It is supposed that when a stockholder borrows money from the association the consideration influencing him is the ability to repay it in several periodical payments spread over a number of years; that by the insolvency of the corporation this consideration is lost, and the borrowing stockholder released from much of his obligation. But how is his case different in this respect from every other stockholder? A building and loan association is a business enterprise, entered into in the hope of profit. Every stockholder partakes of the adventure, and hopes to share the profit. He cannot escape a share in the losses, limited if it be incorporated, general if it be unincorporated. Each hopes and expects that, with a period approximately definite, the corporation will mature and the profit be realized, — the paid-up stockholder getting his fixed dividend, in the meanwhile expecting full return of the cash paid in; the nonborrowing stockholder paying his dues in several increments, spread over a number of years, and hoping when the maturity is reached that he will get back all he has paid in and a reasonable profit besides. The borrowing stockholder gets the hoped-for profits in advance, and expects at maturity to get back his securities canceled. Each has the same expectation. Each meets with the same disappointment. Yet the conclusion reached by the court below compensates the borrowing stockholder for his disappointment at the expense of every other class.

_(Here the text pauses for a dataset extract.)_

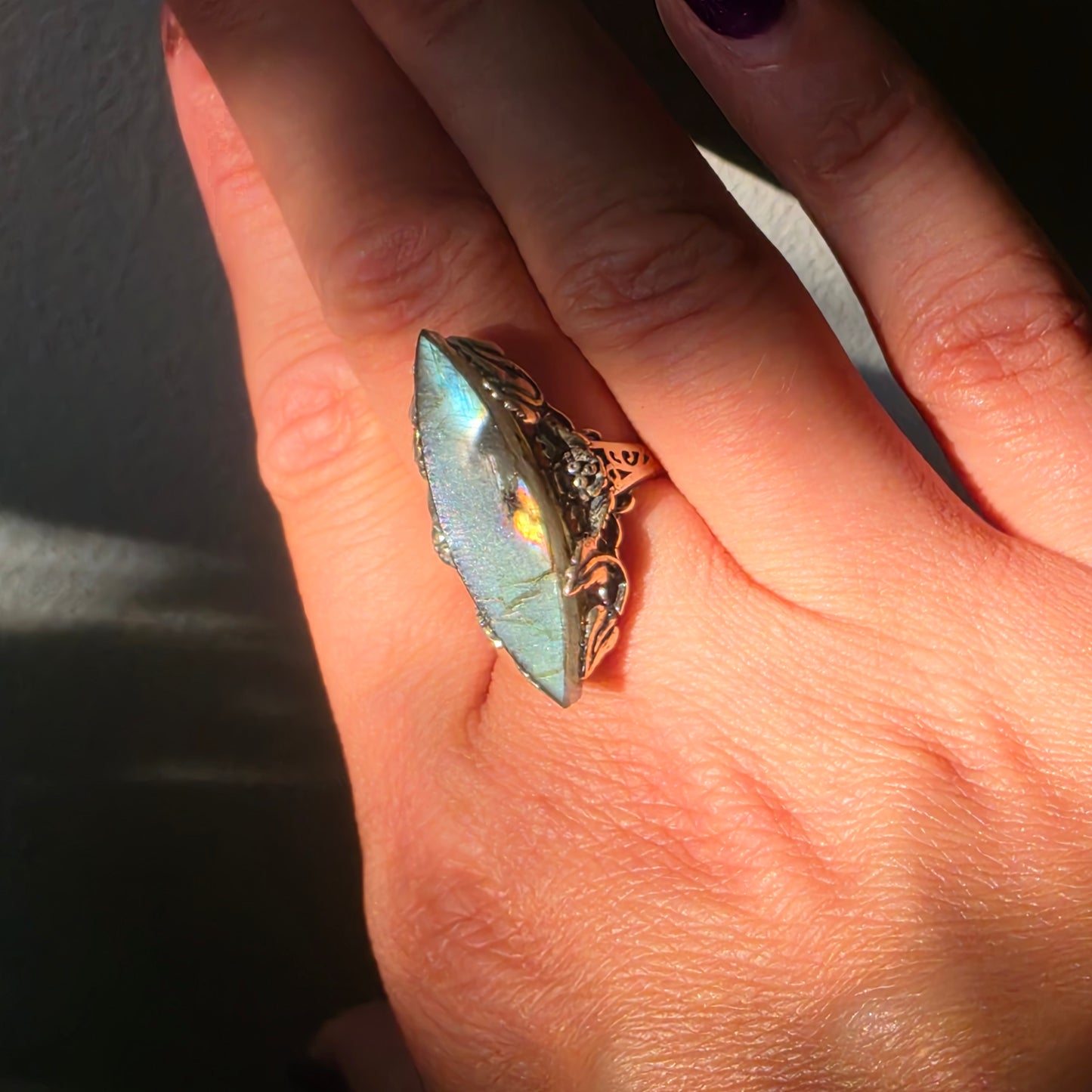 Labradorite ring special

There is another point of view. A stockholder in a corporation, fyy reason of his ownership of shares, has the right to participate according to the amount of his stock in the surplus profits of the corporation on a division, and ultimately, on its dissolution, in the assets remaining after payment of its debts. Plimpton v. Bigelow, 93 N. Y. 592; Gibbons v. Mahon, 136 U. S. 549, 10 Sup. Ct. 1057, 34 L. Ed. 525; Fisher v. President, etc., 5 Gray, 373. So, upon the dissolution of the corporation, after the debts are paid, the stockholders rank as creditors, and have a legal claim on so much of the capital stock as remains. The rule in the United States is that the capital stock of a corporation is impressed with a trust for the payment of the creditors of the corporation. Wood v. Dummer, 3 Mason, 308, Fed. Cas. No. 17,944; Sawyer v. Hoag, 17 Wall. 610, 21 L. Ed. 731. Especially is this the case with insolvent corporations. The capital stock of a building and loan association is composed of the subscriptions to it, either by cash or by dues. If any part of these dues is diverted from the claims of creditors generally, and is used for the benefit of a single stockholder by way of credit on a debt due by him to the corporation, it is a misuse of trust funds, and so unlawful.

In our opinion, the debt due to the association by the borrowing stockholder should be adjusted by charging him with the sum really advanced, with interest thereon at 6 per cent., and by crediting him with all sums paid by way of premiums and interest, upon the principle of partial payments, the remainder thus ascertained to be part of the assets of the association; that on .the debt account *793he receive no credit for dues paid by him; and that in the final distribution of the assets he share in them in proportion to the amount paid in by him as dues upon his stock, with interest thereon for the average time prior to March, 21, 1890, according to the rule recommended by the special master in his report on the Blake intervention.